De komkommermarkt
De Nederlandse kaskomkommerteelt
In Nederland worden komkommers altijd in kassen geteeld. In de zomer is het mogelijk zonder verwarming te telen, maar dat is niet eenvoudig vanwege problemen met schimmelvorming. Komkommers kunnen overal in Nederland op substraat worden geteeld, maar de teelt is geconcentreerd in de Kring, Westland, Brabant en Limburg (Venlo).
Het productieareaal neemt enigszins af. In 2017 komt het uit op minder dan 500 ha. De meeste komkommers worden geëxporteerd naar Europese landen, met name de buurlanden vanwege de korte houdbaarheid.
De Europese komkommermarkt
Komkommers worden op de Europese markt verkocht op maat en niet-geseald. Voor een goede houdbaarheid moeten de kwaliteit en de kleur daarom perfect zijn.
Aangezien komkommers parthenocarp geteeld worden - de natuurlijk of kunstmatig opgewekte vruchtvorming zonder bevruchting van de zaadknop; de vrucht bevat dus geen zaden - is er geen beperking bij de oogst, maar hoe ouder de vrucht wordt, hoe korter de houdbaarheid is.
Het is bijvoorbeeld onmogelijk komkommers te transporteren naar China, Amerika of andere continenten, in tegenstelling tot tomaten en paprika's. Spaanse komkommers worden geëxporteerd tot Duitsland en Scandinavië. Ze moeten dan echter wel geseald worden om vochtverlies tijdens transport te voorkomen. Dat is één van de redenen waarom er in Spanje andere rassen worden geteeld die beter bestand zijn tegen lange transportafstanden. Een andere reden is de lage temperatuur tijdens de productie omdat er geen verwarming wordt gebruikt.

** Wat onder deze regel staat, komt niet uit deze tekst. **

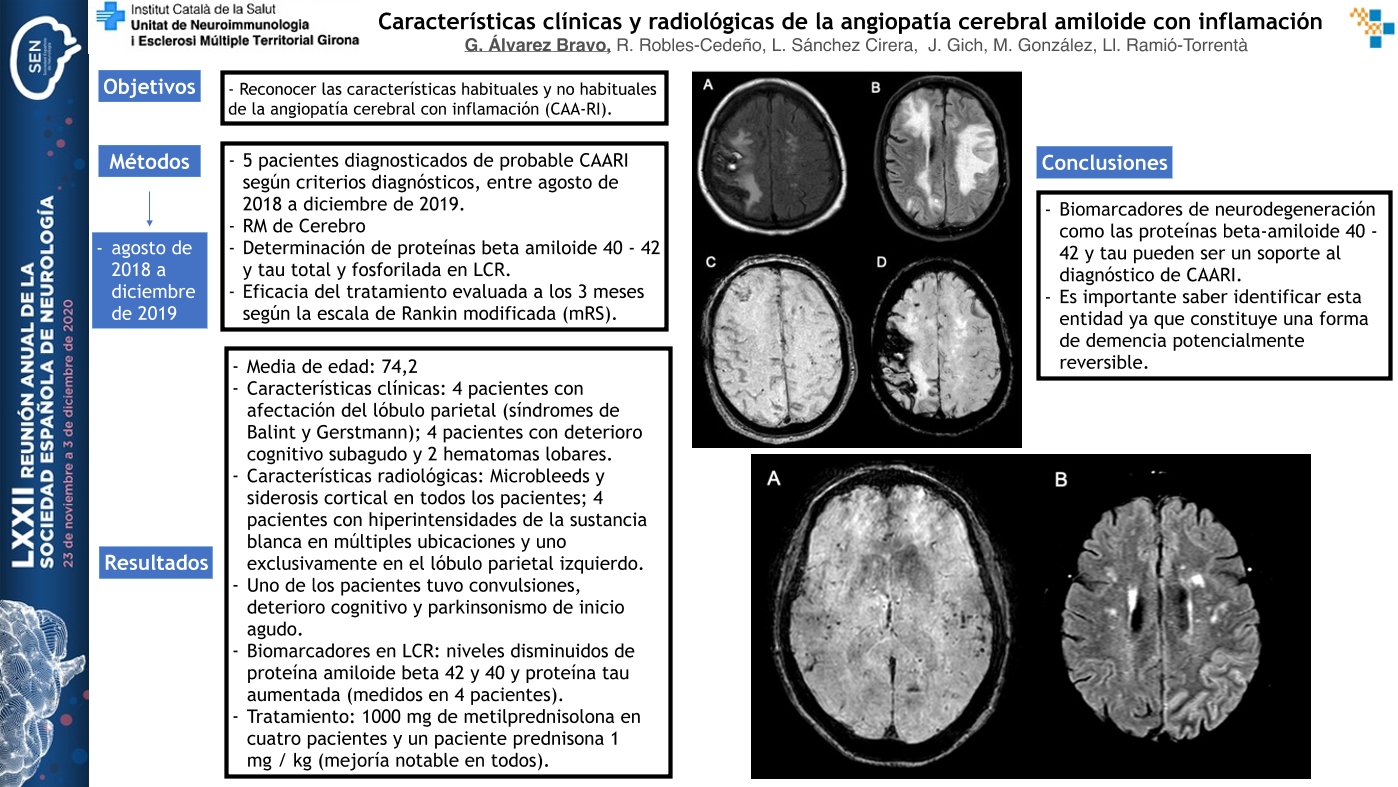 Características clínicas y radiológicas de la angiopatía cerebral amiloide con inflamación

Komkommers moeten binnen een halve dag na de oogst in de schappen van de supermarkt liggen en binnen 2-3 dagen worden verkocht, omdat de kleur en de stevigheid van de komkommer een paar dagen na de oogst verdwijnen. Alle vruchten moeten uiteraard volledig gaaf zijn en geen ziekten of residuen bevatten.